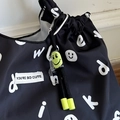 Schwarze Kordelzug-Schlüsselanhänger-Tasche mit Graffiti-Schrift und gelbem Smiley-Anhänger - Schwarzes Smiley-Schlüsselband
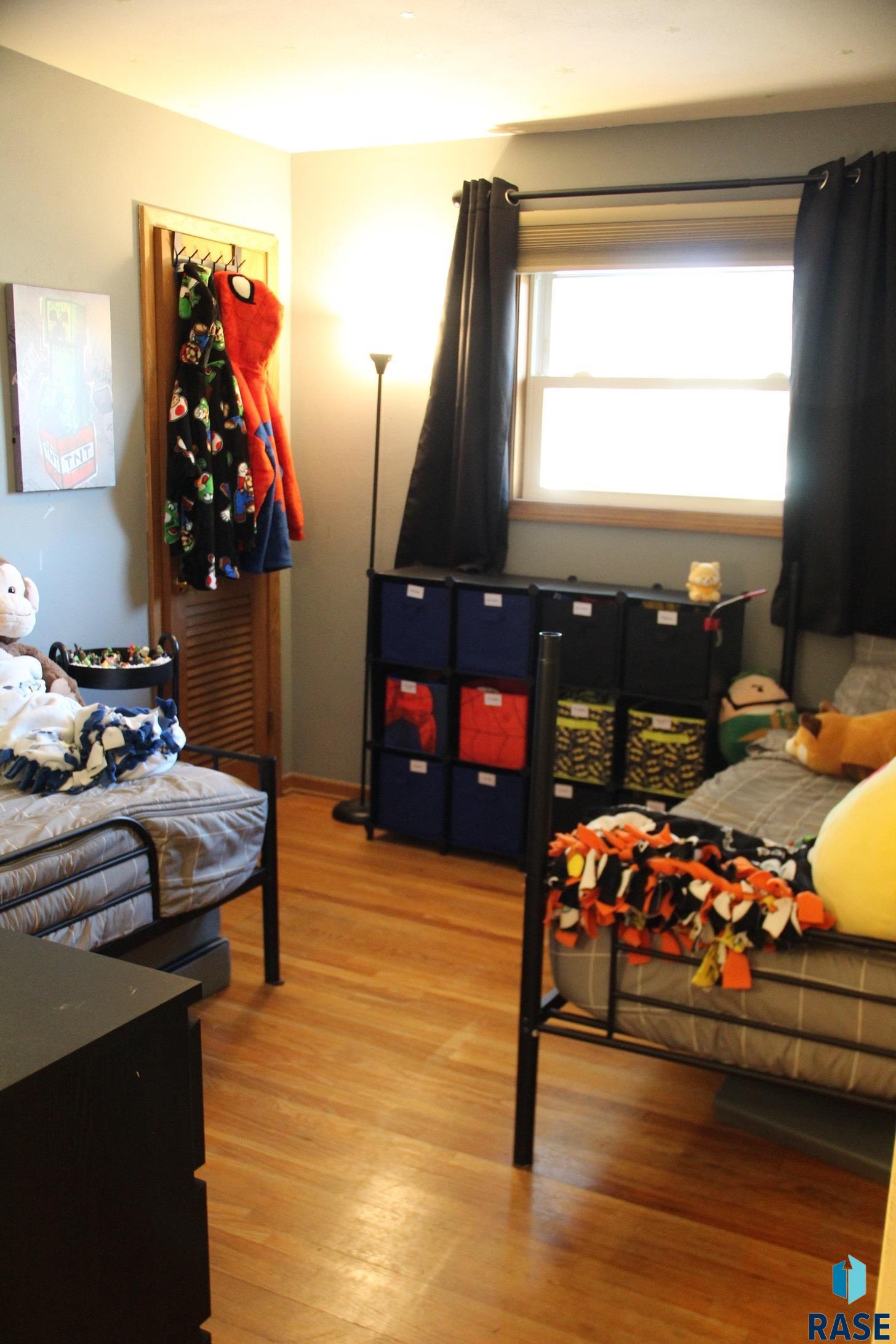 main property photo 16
...
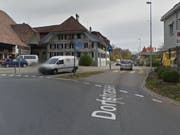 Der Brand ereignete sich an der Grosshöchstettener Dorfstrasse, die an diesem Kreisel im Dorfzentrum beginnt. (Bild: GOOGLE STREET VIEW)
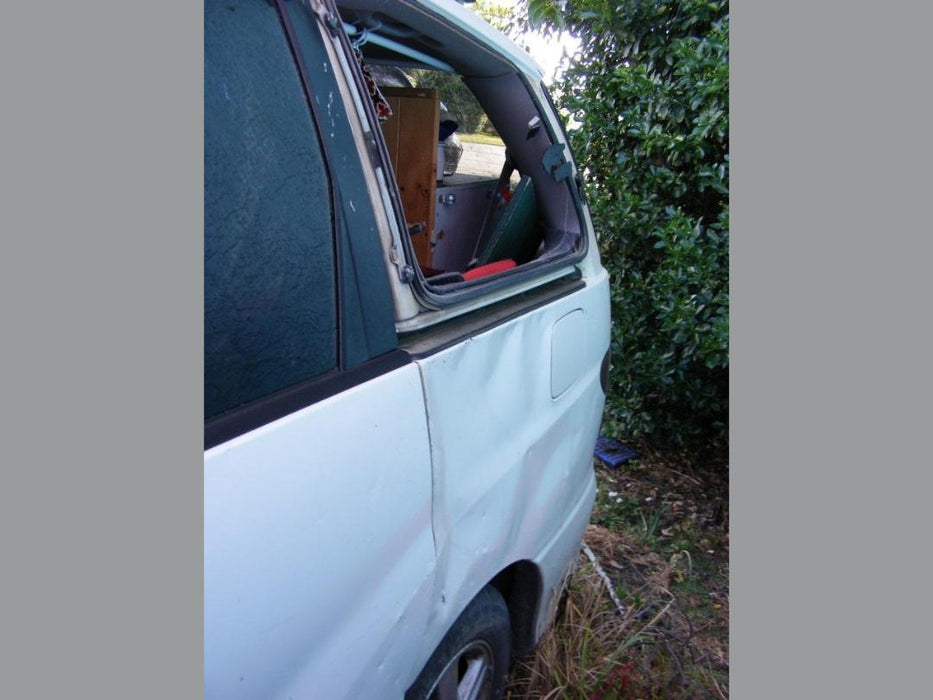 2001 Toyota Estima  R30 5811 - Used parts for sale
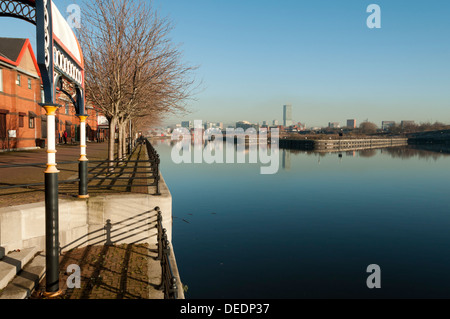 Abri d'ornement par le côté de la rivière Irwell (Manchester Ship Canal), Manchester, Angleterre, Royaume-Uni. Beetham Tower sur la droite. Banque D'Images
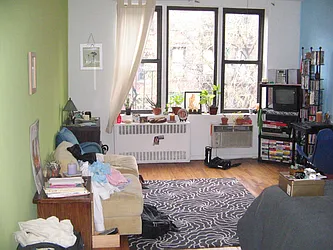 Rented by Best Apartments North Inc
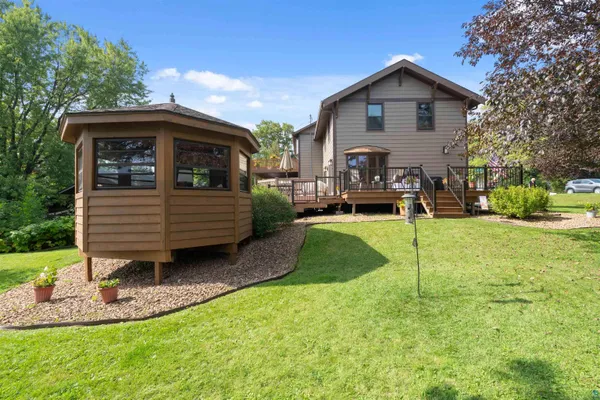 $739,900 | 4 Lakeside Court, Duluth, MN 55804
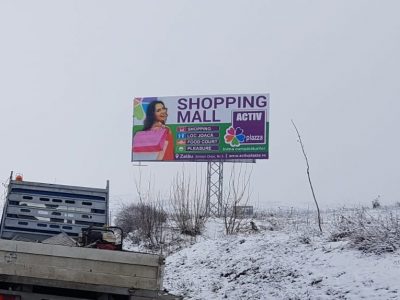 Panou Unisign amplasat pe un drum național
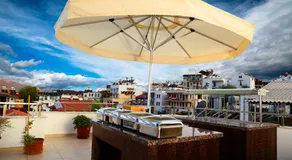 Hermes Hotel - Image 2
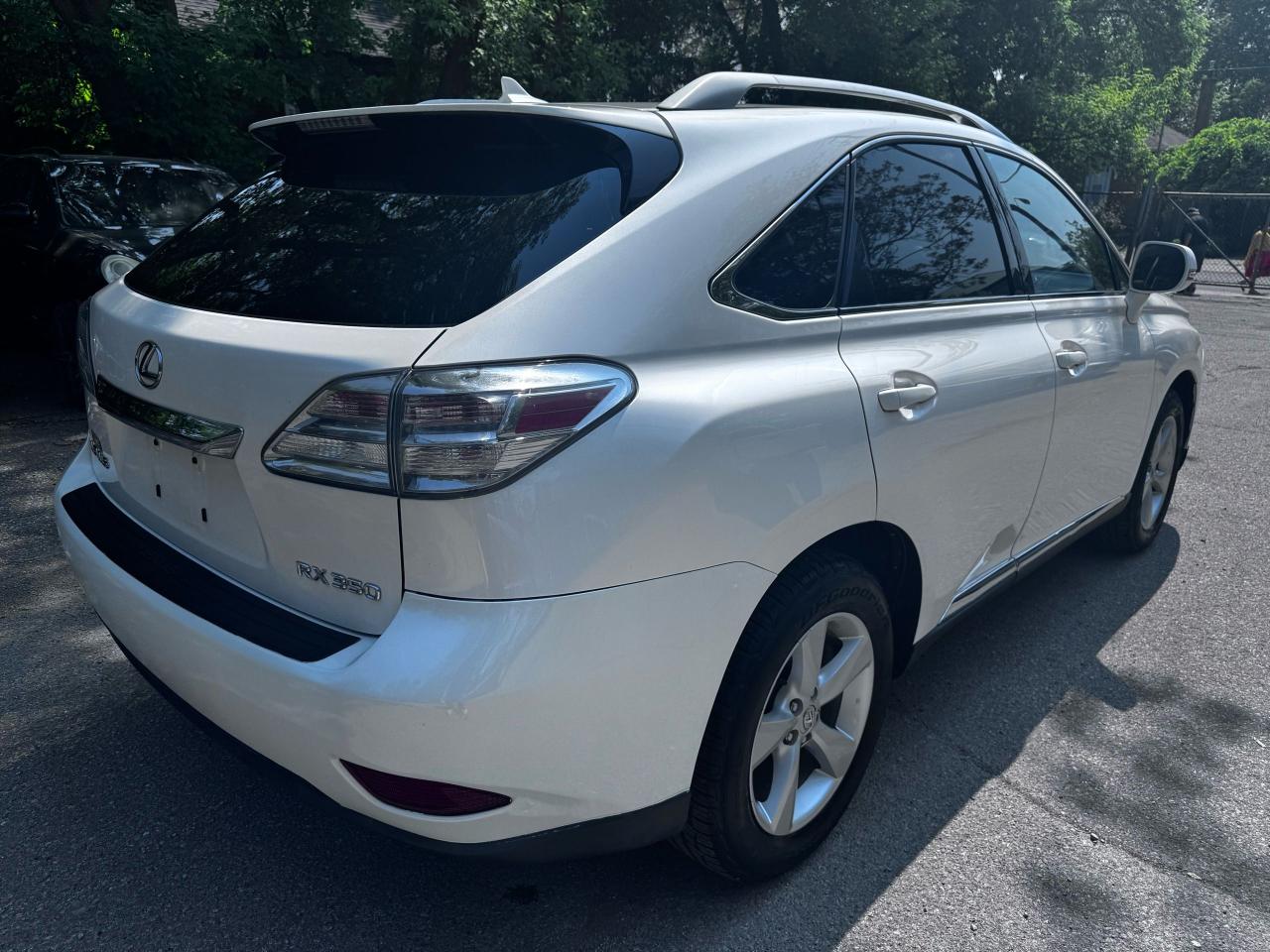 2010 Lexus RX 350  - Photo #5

§ What you need to do
Word for word, retype the lines in the entries above that run from the one with "Schwarze Kordelzug-Schlüsselanhänger-Tasche mit" through the one with "main property photo 16". Both ends count; pictures do not.

§ Written response
 Schwarze Kordelzug-Schlüsselanhänger-Tasche mit Graffiti-Schrift und gelbem Smiley-Anhänger - Schwarzes Smiley-Schlüsselband
 main property photo 16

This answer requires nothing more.